Islamic Identity and Modified Appropriation

However, as I have discussed, the intent of the authors of Islamic novels and film directors to propagate Islamic principles is crystal clear and my informants could sense their powerful messages. I call my informants' responses "modified appropriation": they accepted and appropriated some messages, but modified others. They have learned Arabic, or at least would like to learn it, but are motivated by the trend of Arabic, not by religious imperatives as in the movies.

Some specific features of Muslim identity emerge in the films, especially in Ayat-ayat Cinta and Ketika Cinta Bertasbih. First, in the films, all Muslim female characters wear the veil, except for Eliana in Ketika Cinta Bertasbih, who only includes the veil in the film. In the self-help books, if a Muslim woman is featured on the cover, she always wears the veil.

The films and the books reinforce the general idea that being a female Muslim involves wearing the veil.34 Almost all research participants agree that a female Muslim must cover her body and, in the contemporary Islamic environment, this means the wearing of the veil. The custom of wearing the veil is popular among university students, and this is not a surprise since it was university students who started the phenomenon of veiling in Indonesia in the 1990s. Her statement is consistent with Hamdani's argument35 that the standard of modesty in the case of Islamic dress varies from one culture to another, although the idea of ​​covering certain parts of the body may be universal.

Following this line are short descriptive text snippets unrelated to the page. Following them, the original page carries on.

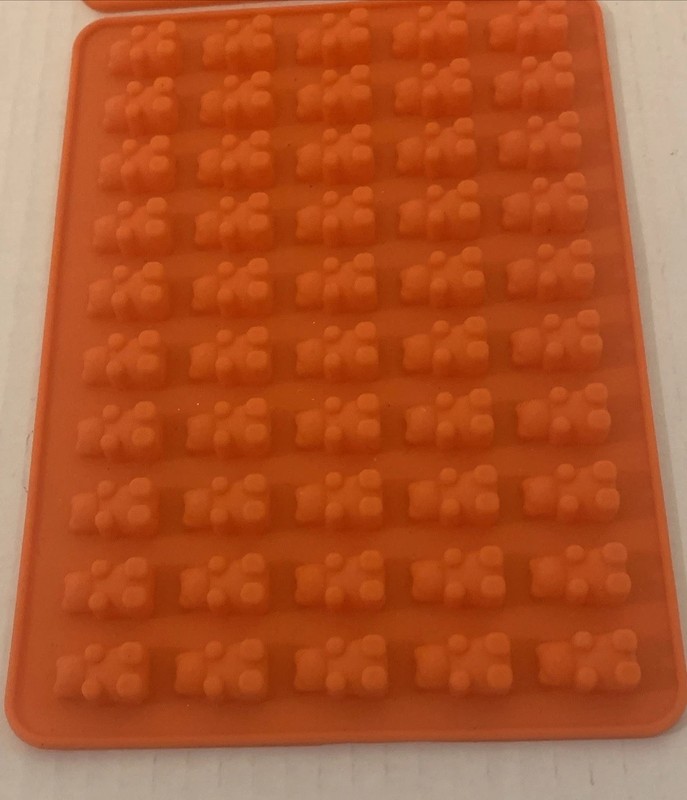 Lot Of 2 Orange Silicone Little Bear Cookie Ice Cube Tray Mold gallery
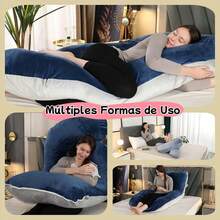 T-FOUR Almohada para el Embarazo,Almohada de Maternidad en Forma de U,Brinda Soporte para Todo el Cuerpo,Múltiples Formas de Uso,Mejor Compañero para Mujeres Embarazadas Descansen.(Gris) - Gris - Ver 6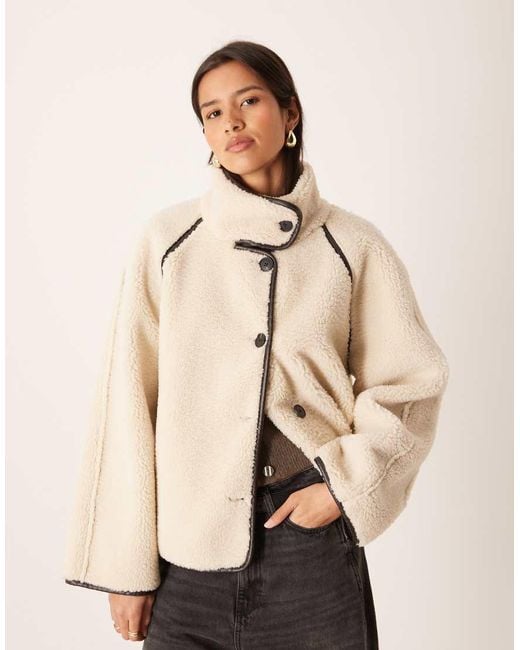 Gina Tricot Natural Oversized Reversible Borg Jacket With High Funnel Neck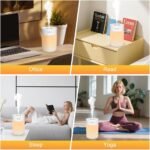 Humidificador, Humidificador Silencioso de 600 Ml para Bebés, Mini Humidificador Portátil con Luz Nocturna Ajustable, para Dormitorio, Viajes, Oficina, Plantas, Alimentado por USB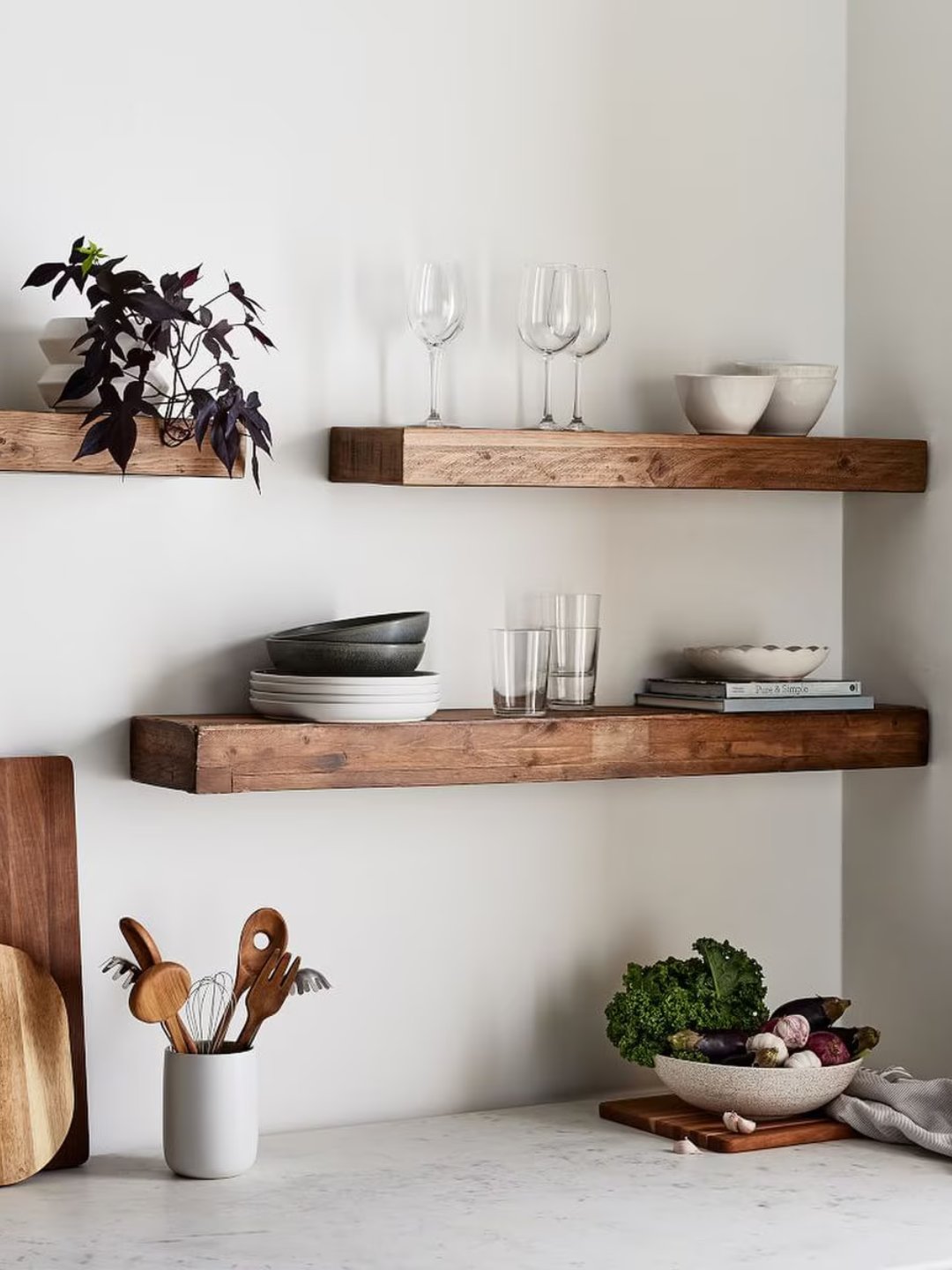 Wood shelves in a kitchen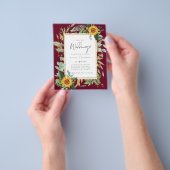 Boho Sonnenblumen Grüne Wasserfarben HochzeitsBUDG Flyer (Gruppe)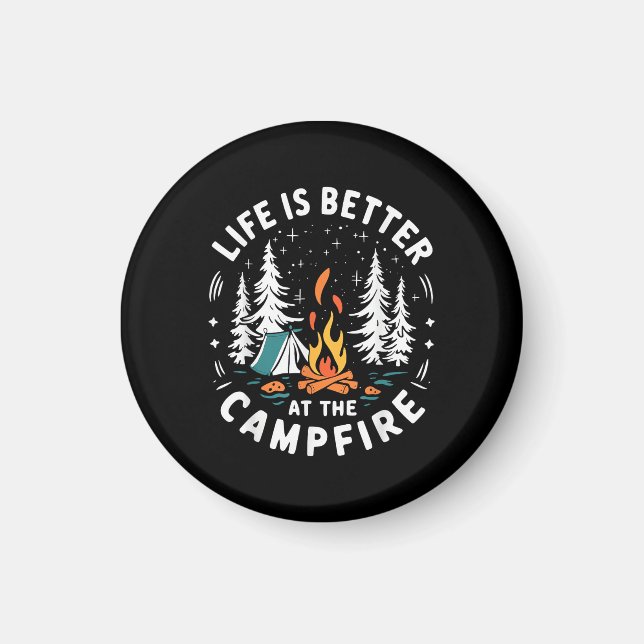 Íman A vida é melhor na fogueira de acampamento engraça (Frente)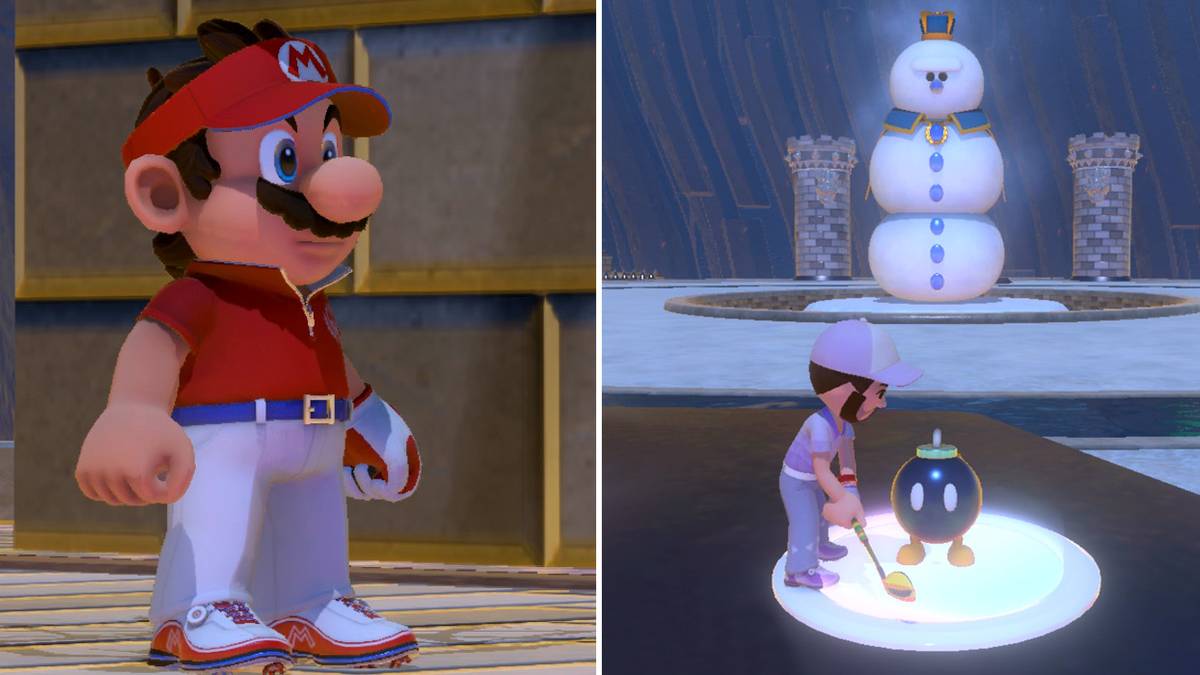 Mario can only watch as the player takes on the Snow King in Mario Golf: Super Rush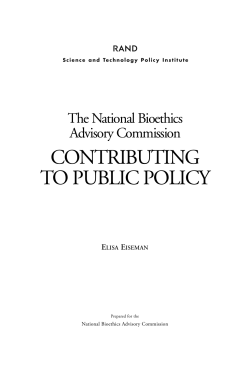 The National Bioethics Advisory Commission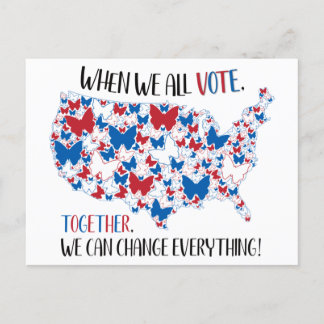 Gemeinsam stimmen wir alles ändern, Red White Blue Postkarte
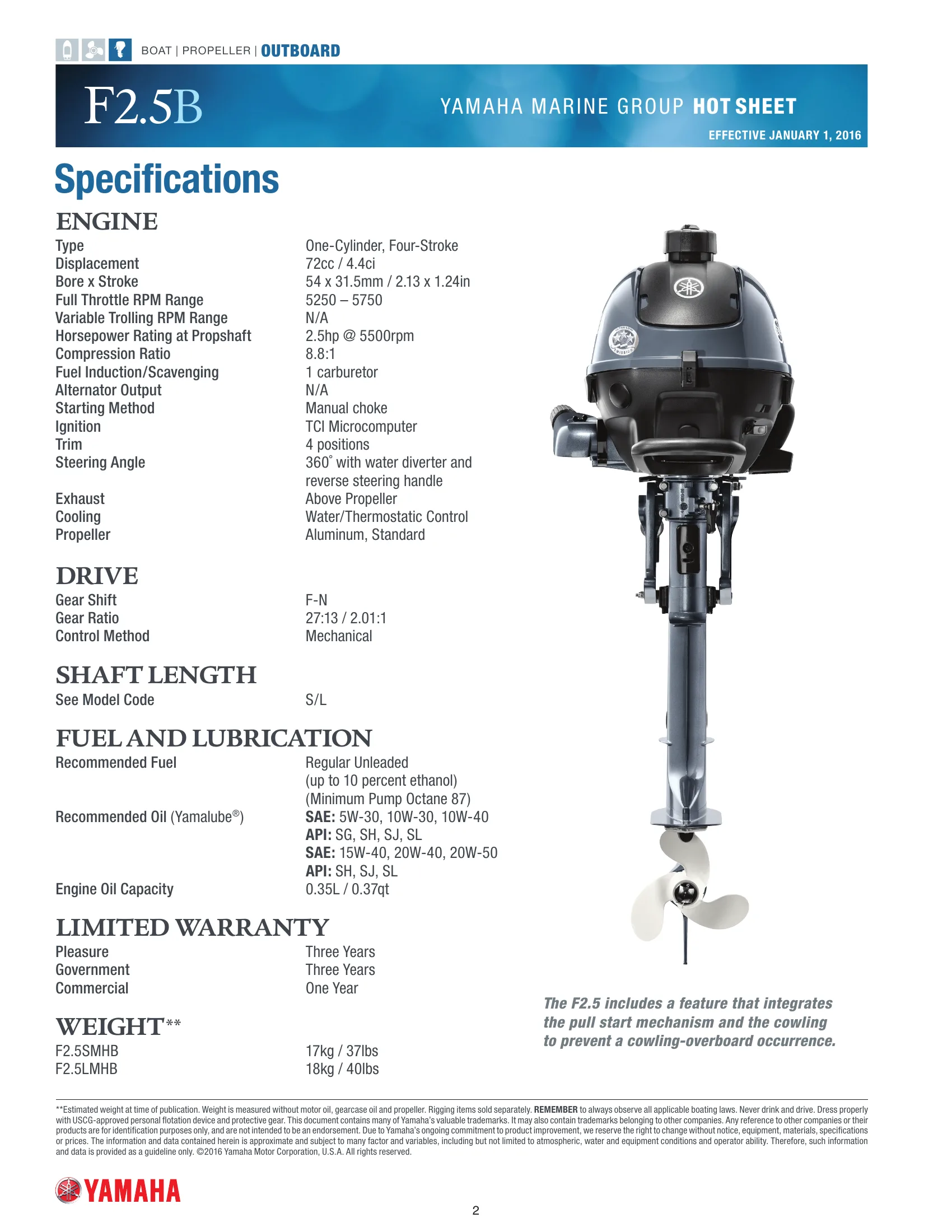 Yamaha Marine F2.5B — Página 2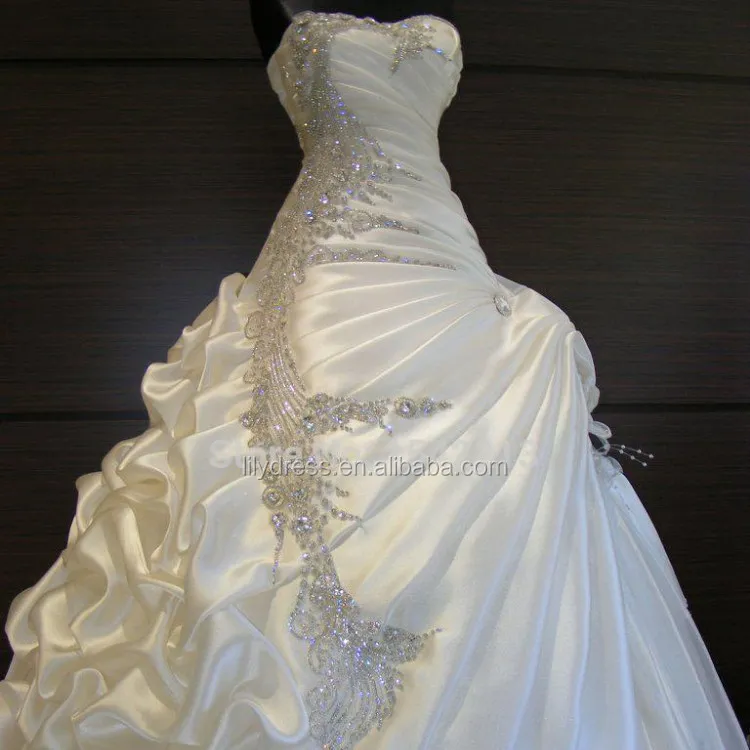 Vestido de casamento de cetim, china personalizado cristal de cetim enchido comprimento do chão personalizado feito sob encomenda longo formal design de noiva hs216 novo modelo vestidos de casamento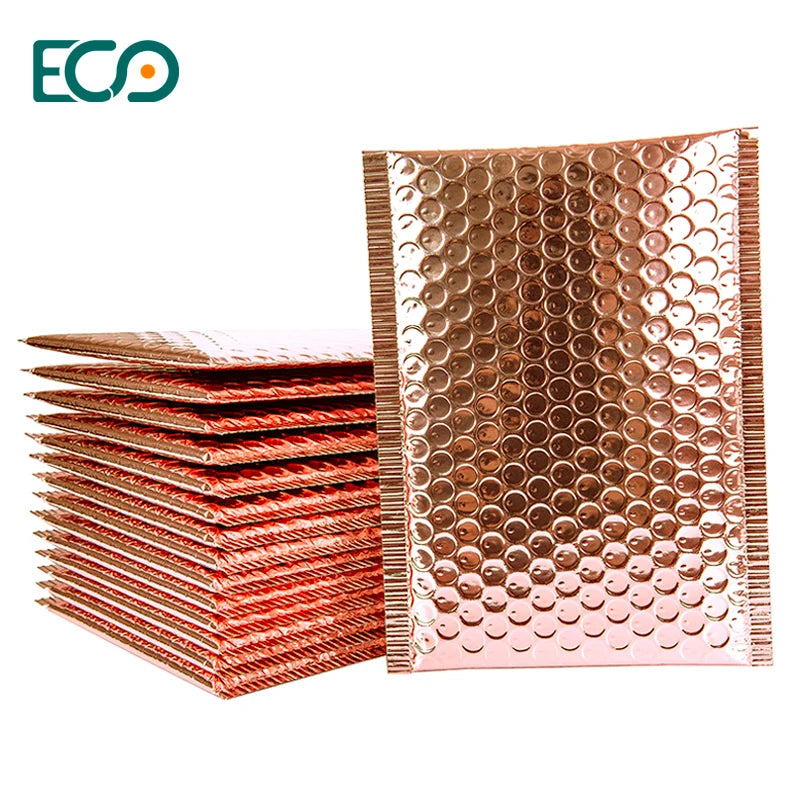 Factory Custom High Quality Champagne Gold Air Padded Envelope Bubble Mailing Bag Self Seal Shipping Bag With Bubble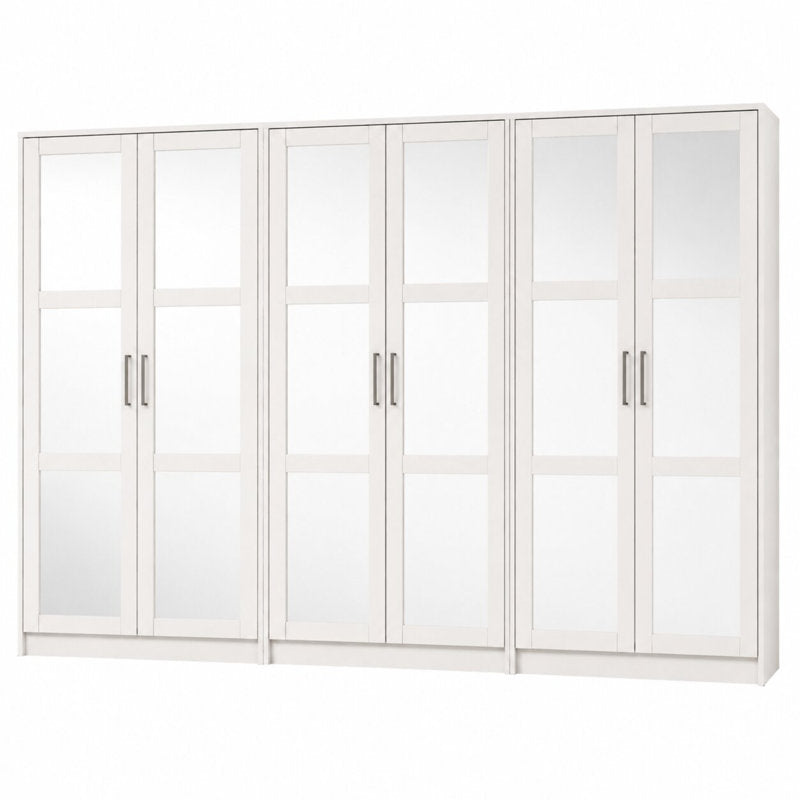 Extra Large 100% Solid Wood 6-Door Mirrored Wardrobe Closet System
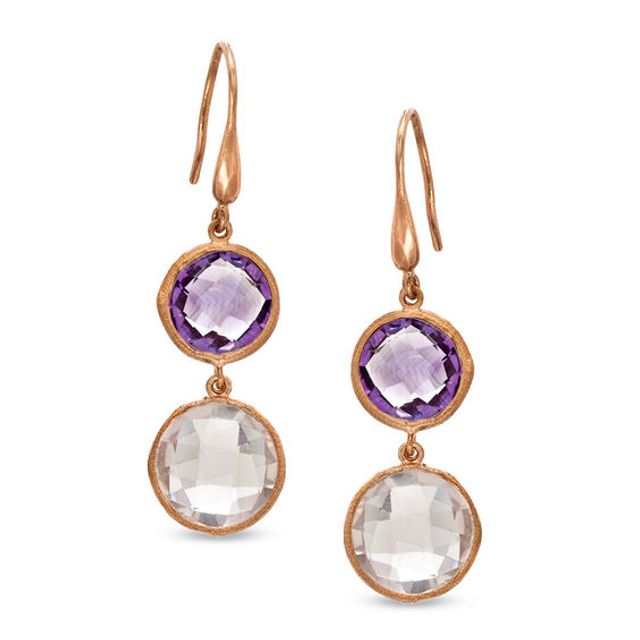 Piaraâ¢ Amethyst and Citrine Drop Earrings in Sterling Silver with 18K Gold Plate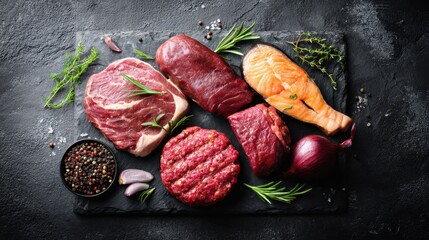 Different kinds of raw meat including beef pork and salmon are displayed on a dark stone surface. Fresh herbs and spices are placed around the meat in a kitchen area.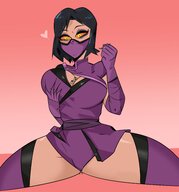 breasts drawing black_hair color clothed cleavage yellow_eyes gloves short_hair hand ninja handled no_background cleavage_window between_breasts slugmanoctavio3 sitting_on_tiny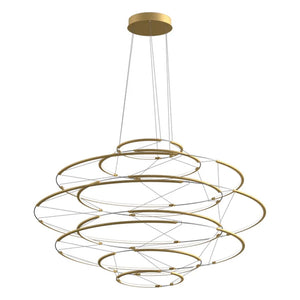 Chandelier Drop 7 Nemo Lighting in alluminio oro satinato, design Arihiro Miyake, scontornato su sfondo bianco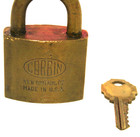 VINTAGE BRASS USN NAVY CORBIN CABINET LOCK PADLOCK NICE WITH ORIGINAL KEY USA — photo 4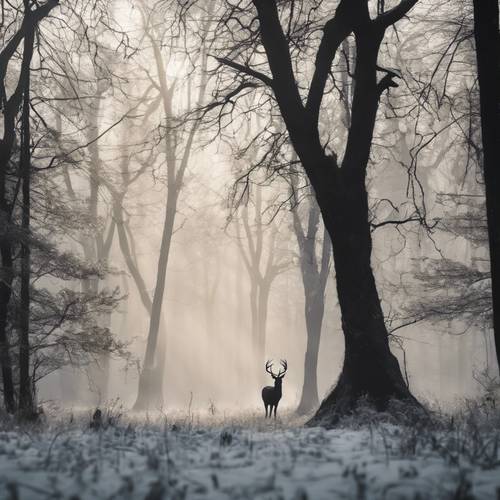 Black silhouettes of trees in a foggy forest, with a single white deer standing in the distance.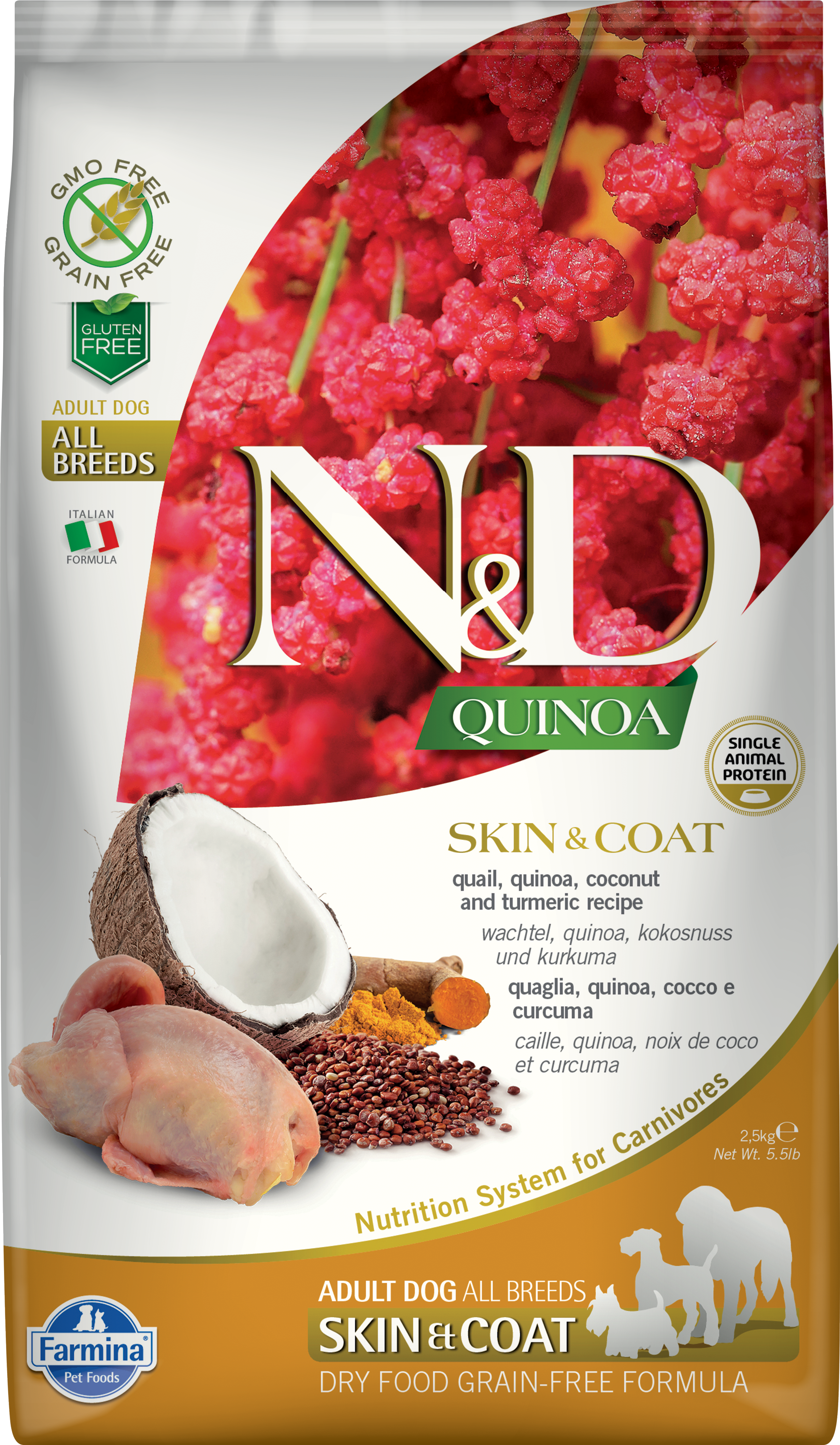 Farmina N&D Quinoa Grain-Free Dry Dog Food for Skin & Coat Health - Quail Recipe | Premium Functional Nutrition for Sensitive Skin & Shiny Coat | Ideal for Adult Dogs with Allergies or Digestive Issues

In the Arabian Peninsula during the period of Prophet Muhammad, the veil is a modest clothing for women, and also the most suitable clothing regarding the conditions of the desert. Other Muslim scholars also agree that veiling is a continuation of regional customs, practiced by women in Arabia in the early period of Islam, which was wrongly enshrined as a religious edict (Mahmood, Politics of Piety, p.51). Some of the participants did not apply the principle of physically avoiding people of the opposite sex; neither of them wanted to marry without a date.

Although he knew the principle before watching any Islamic films, he felt that the principle was justified by the Ketika Cinta Bertasbih films, as none of the characters physically touched the opposite sex unless they were family members. Of course, devotion is one of the requirements I will look for in a woman in the future. In fact, most of my informants have boyfriends/girlfriends and they live their lives in the same way as their more 'secular' colleagues, such as having lunch and dinner together, going to the cinema and hanging out in malls with their 'pacar' (boyfriend/girlfriend).

Apart from wearing Islamic dress, it is also shown in the Islamic films by the use of Arabic terms at every available opportunity. M's words confirm Hoekstra's argument that watching religious films inspires viewers to connect film and life experience, to reflect on their own life experiences and, quite often, to change their behavior.39 Here, as in the case of the piety movement in Egypt, behavior is at the heart of the enforcement of the norm by Islamic groups.40.

Conclusion

Amin, Ali, Religion in Indonesian Cinemas: The Representation of Religion in Indonesian Box Offices Saarbrucken: Lambert Academic Publishing, 2011. Arief, Gde D., “From Sex to Syahadat: The Market and Resurgence of Religion in Indonesian Cinema in http:/ /etnohistori. Bayat, Asef, "Muslim Youth and the Claim of Youthfulness," i Linda Herrera og Asef Bayat (red.), Being Young and Muslim: New Cultural Politics in the Global South and North, New York: Oxford University Press, 2010.

Heryanto, Ariel, “Pop Culture and Competing Identities”, in Ariel Heryanto (ed.), Popular Culture in Indonesia: Fluid Identities in Post-Authoritarian Politics, Oxon: Routledge, 2008. Upgraded Piety and Pleasure: The New Middle Class and Islam in Indonesian Popular Culture', in Andrew N. Mahmood, Saba, Politics of Piety: the Islamic Revival and the Feminist Subject, Princeton: Princeton University Press, 2005.

Otto, Rudolf, The Idea of ​​the Holy: An Inquiry into the Non-Rational Factor in the Idea of ​​the Divine and Its Relation to the Rational, Londen: Oxford University Press, 1950. Smith-Hefner, Nancy, “Young People Language, Gallische gezelligheid en de nieuwe Indonesische middenklasse”, in Journal of Linguistic Anthropology, 2007, Vol.